Nothing contained in this Plan or any Deferral Agreement and no action taken pursuant to the provisions of this Plan or any Deferral Agreement shall create or be construed to create a trust of any kind, or a fiduciary relationship between TVA and any Participant, designated beneficiary or any other person.

No transfer, assignment, pledge, seizure, or other voluntary or involuntary alienation or encumbrance of any benefit provided under this Plan or any Deferral Agreement will be permitted or recognized other than as specifically provided in this Plan.

The above paragraph notwithstanding, TVA may offset amounts owed to it by a Participant against any amounts payable to a Participant under this Plan or any Deferral Agreement.

Amendments:

This Plan may be amended or terminated by the Board, or its delegatee, at any time as it deems appropriate without the consent of any Participant, beneficiary, or other person; provided, however, that if the Board, or its delegatee, elects to terminate the Plan, any Credits already made under then current Deferral Agreements to Participants’ Accounts as of the date of termination, including any interest and/or return as calculated pursuant to this Plan, will vest and be paid to the Participants either (i) in a lump sum within sixty (60) of the termination of the Plan or (ii) pursuant to the Participant’s valid deferral election, as appropriate.

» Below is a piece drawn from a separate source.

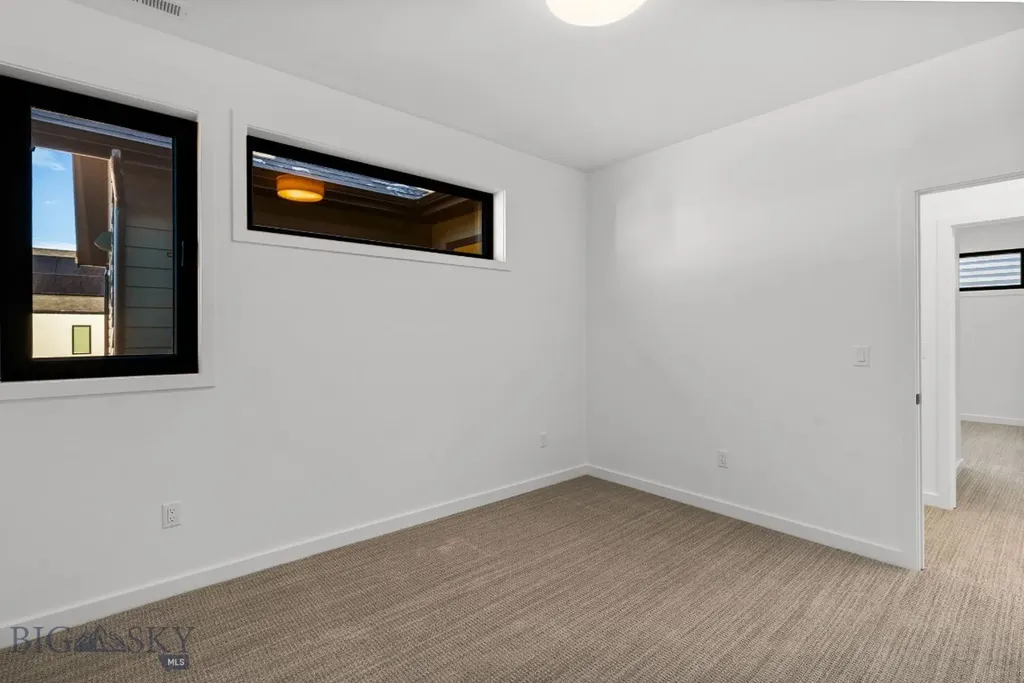 2887 Cielo Way Bozeman MT 59718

Compliance with Section 409A:

At all times, to the extent Internal Revenue Code Section 409A and its implementing regulations (collectively, “Section 409A”) applies to amounts deferred under this Plan: (a) this Plan and all Deferral Agreements shall be operated in accordance with the requirements of Section 409A; (b) any action that may be taken (and, to the extent possible, any action actually taken) by the Board, or its delegatee, and the Participants, shall not be taken (or shall be void and without effect), if such action violates the requirements of Section 409A; (c) any provision in this Plan or a Deferral Agreement that is determined to violate the requirements of Section 409A shall be void and without effect; and (d) any provision that is required by Section 409A to appear in this Plan or any Deferral Agreement that is not expressly set forth shall be deemed to be set forth herein, and this Plan and such Deferral Agreement shall be administered in all respects as if such provision were expressly set forth herein.